John Dowe was a member of the Canadian Airborne Regiment in Somalia in 1992. He says the adverse effects he experienced were immediate and troubling and that he still feels them to this day. He is convinced the drug played a role in the killing of Shidane Arone.
He recalled details of the incident on CBC Day6.
"So Master Corporal Matchee calls me over," he says.
"There's a prisoner inside the bunker. So I come over, I see the face of Shidane Arone. And he's battered, and he's a bit bruised up but this might have happened at the point of capture."
"So I didn't think too much more of it. But then, when Master Corporal Matchee all of a sudden freaks out and starts striking the prisoner on the leg, and then the walls and the floor of the bunker, he says 'Camel spiders!'
"There were no camel spiders in the bunker. Master Corporal Matchee was beating at camel spiders that were not there."
The risk of an adverse reaction
Lieutenant Colonel Andrew Currie is a physician with the Canadian Forces and the section head of the communicable disease control program with the Department of National Defence. He says one of the reasons he, as a physician, is comfortable with CF personnel taking mefloquine is the relatively low risk of adverse reaction indicated in the scientific data.
"Some of the numbers that are put out in terms of severe risk — like one in 10,000, one in 14,000 — that's actually, in the scientific literature, considered very low."
But Dr. Ritchie doesn't believe those figures are accurate.
"That figure of one in 10,000 to one in 14,000 is a figure that we were using 20 some years ago when we were looking at the issue."
She believes 25 to 50 per cent of those who take the drug will experience at least some adverse side effects.
Lieutenant Colonel Andrew Currie says he isn't seeing that in the literature.

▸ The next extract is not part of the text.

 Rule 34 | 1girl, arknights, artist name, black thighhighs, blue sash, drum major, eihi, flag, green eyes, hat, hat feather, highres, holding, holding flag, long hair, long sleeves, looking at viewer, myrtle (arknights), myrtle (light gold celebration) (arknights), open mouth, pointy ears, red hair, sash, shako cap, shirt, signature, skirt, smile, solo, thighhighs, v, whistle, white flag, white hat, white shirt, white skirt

"A recent study that has been put out looking at over 400,000 military users that have used mefloquine compared with the other anti-malarials [shows] the rate of adverse effects and adverse events with mefloquine are equal or in some cases actually better."
"So a lot of the controversy, that's mired in speculation. We're just not seeing that reported in the journals and the scientific research."
Potential litigation
In Australia, where there are calls for a judicial inquiry on the Australian Defence Force's use of mefloquine, authorities have been threatened with a class action suit from veterans. In the US, a former peacekeeper filed a suit against the government when she experienced adverse reactions.
Canadian Airborne Regiment veteran John Dowe says he thinks the Canadian Forces continues to issue mefloquine to avoid litigation.
"It is the belief of the International Mefloquine Veterans Alliance, all of us on the team, that the reticence to remove mefloquine from the formulary is because of pending litigation … because they fear that they're going to open a Pandora's box on a great amount of negligence — medical malpractice really — for the last 25 years."
Lieutenant Colonel Andrew Currie wouldn't comment on the threat of litigation.
He says the Canadian Forces remain committed to using mefloquine as one of the first line drugs in the upcoming Africa peacekeeping mission.
"Right now our first line agents are mefloquine along with Malarone and doxycycline. So we'll be offering the choice of those three anti-malarials to individuals who are going over."
"Recent literature continues to say that you get less breakthrough malarial cases with mefloquine. So it's a medication, the right medication that works."